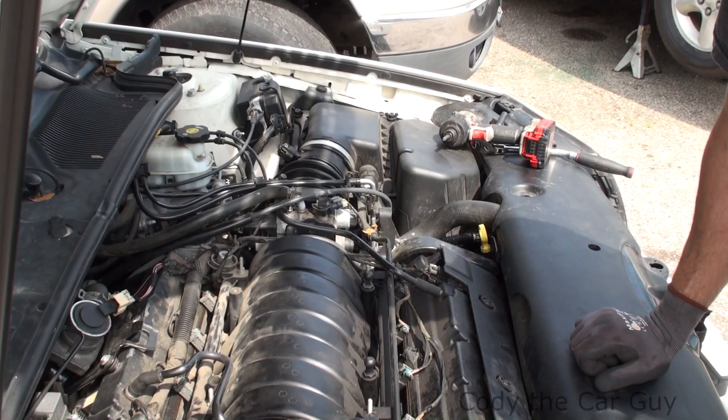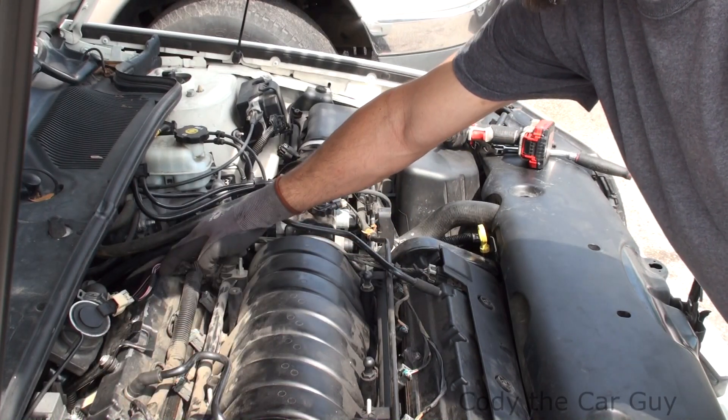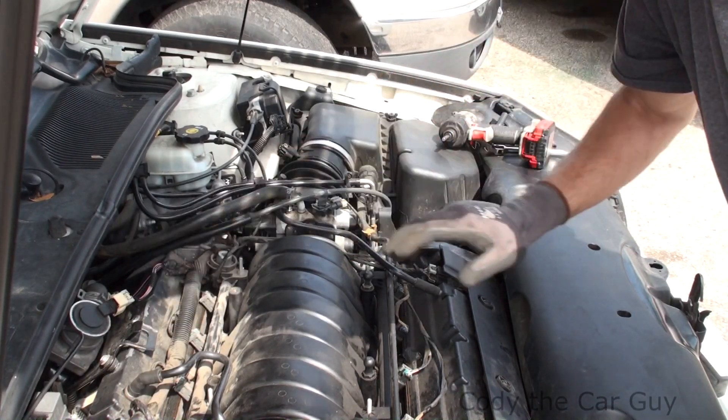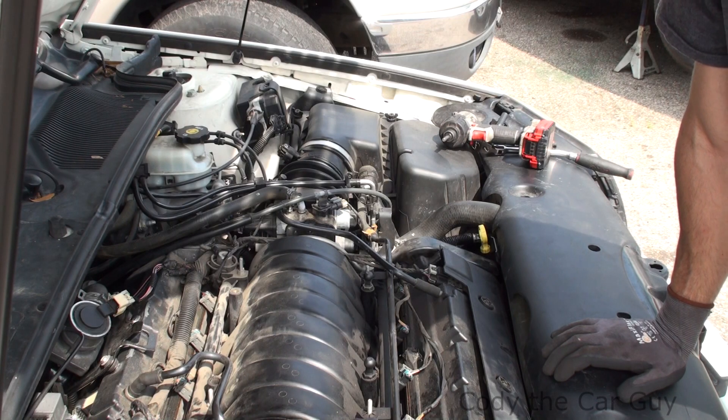On your Cadillac DeVille with the 4.6, this is your cylinder order: it's 1, 3, 5, and 7 on the back side close to your firewall, and on the front of the motor is 2, 4, 6, and 8. I hope that helps you guys troubleshooting your misfires — catch you on the next one.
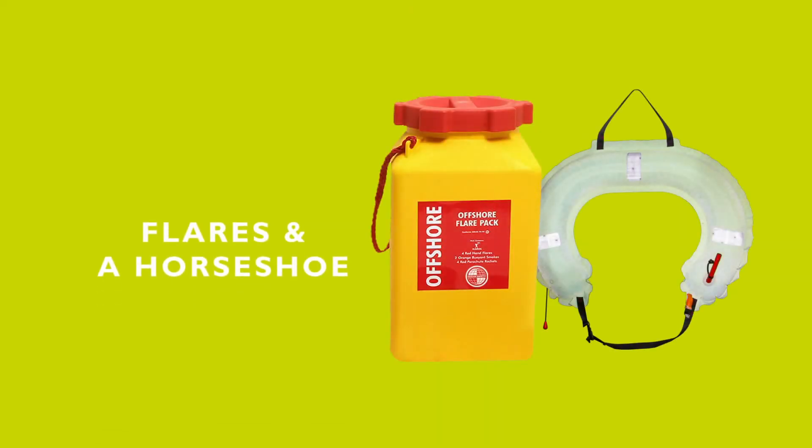And then finally, two other items that we thought you should have access to are flares and a horseshoe. Flares are really good at pinpointing your location and raising an emergency, should you be caught out at night time, for example.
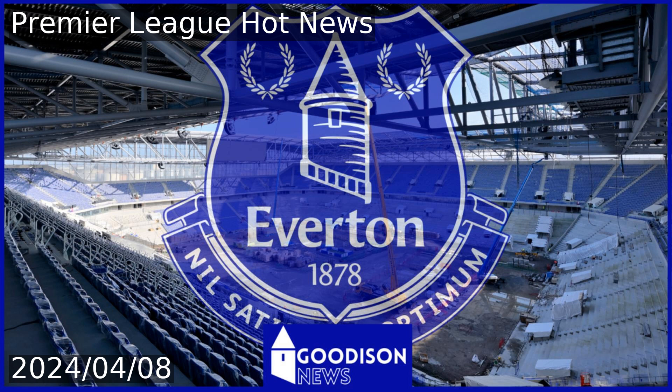Everton will play their home games in the new stadium at Bramley Moor Dock, with construction now reaching its final stages. New footage of the stadium's construction has been shared by the Everton Stadium Twitter handle, showcasing the progress in the picturesque Riverside location.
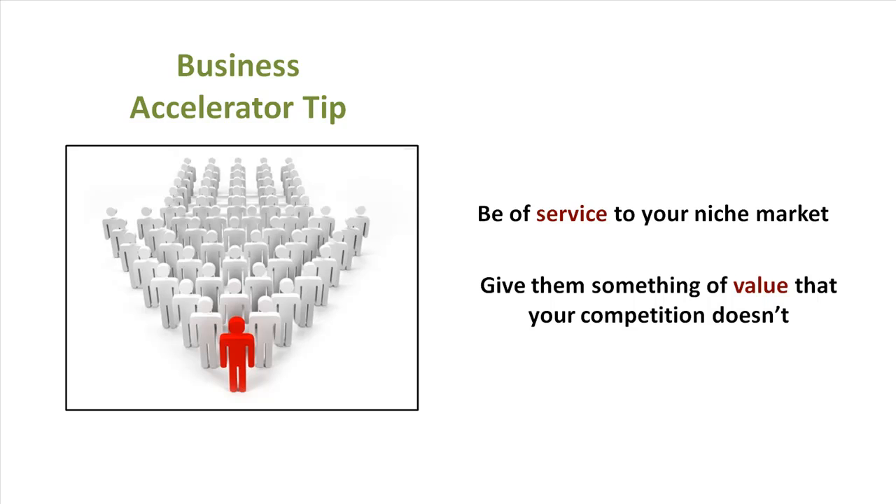Those are my tips on helping you get on your way to starting your own tax practice. I hope you found them useful and valuable. Focus on a niche, be of value to your customers, and you will always be successful.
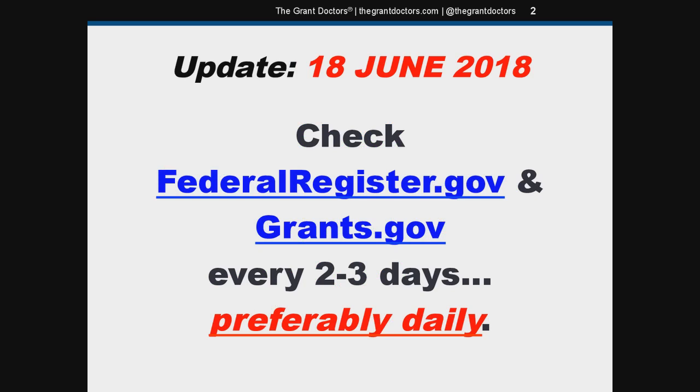If your organization is serious about pursuing federal grants, you need to check the Federal Register at federalregister.gov and Grants.gov every two to three days, preferably daily. I've said before that you can check them as little as once per week, but things are changing, so I'm updating my position. Departments are reducing the amount of time applicants have to submit proposals, so it's more important now to stay on top of new grant notices.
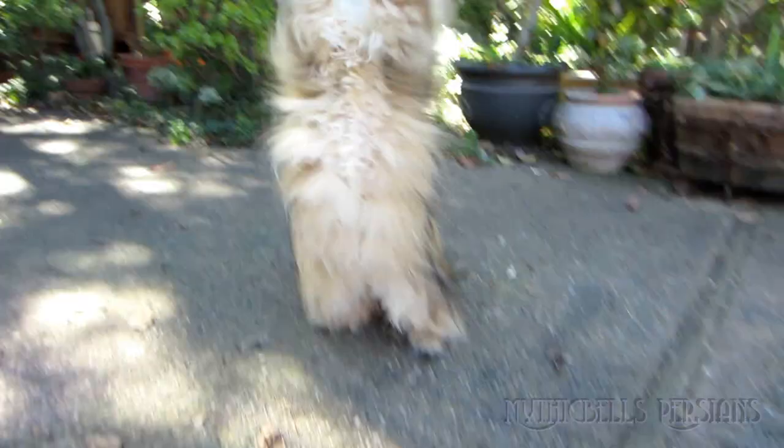Yeti cats show an amazing ability to balance on their hind feet, as demonstrated by this little queen Sirocco.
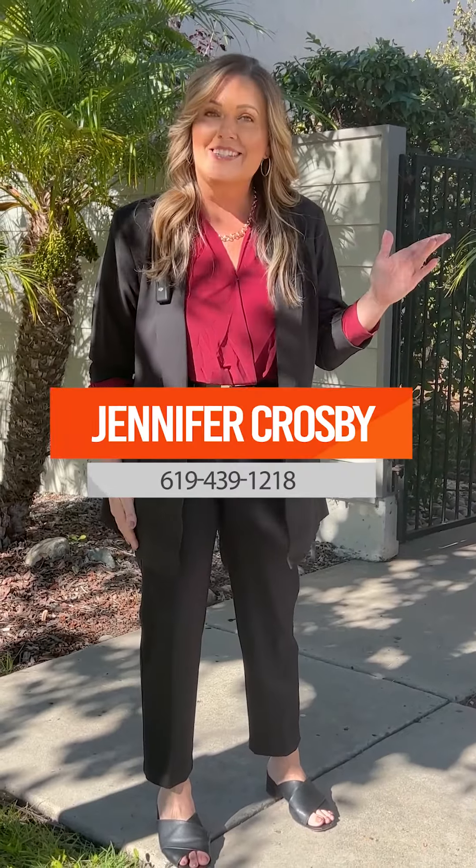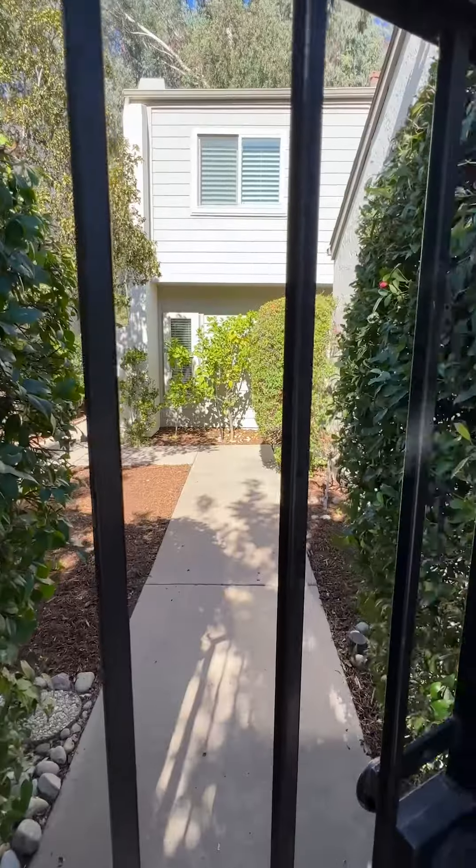Hey there everyone, I'm Jennifer Crosby. Welcome to my newest listing here at 10718 Portobello Drive in Tierra Santa, also known as the Island in the Hills. Let's go check out some of my favorite features of this beautiful home.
----------
In the records above, find the line with "And then finally, two" and the line with "Everton will play", then restate word for word only those two lines and all lines between, omitting pictures.

And then finally, two other items that we thought you should have access to are flares and a horseshoe. Flares are really good at pinpointing your location and raising an emergency, should you be caught out at night time, for example.
Everton will play their home games in the new stadium at Bramley Moor Dock, with construction now reaching its final stages. New footage of the stadium's construction has been shared by the Everton Stadium Twitter handle, showcasing the progress in the picturesque Riverside location.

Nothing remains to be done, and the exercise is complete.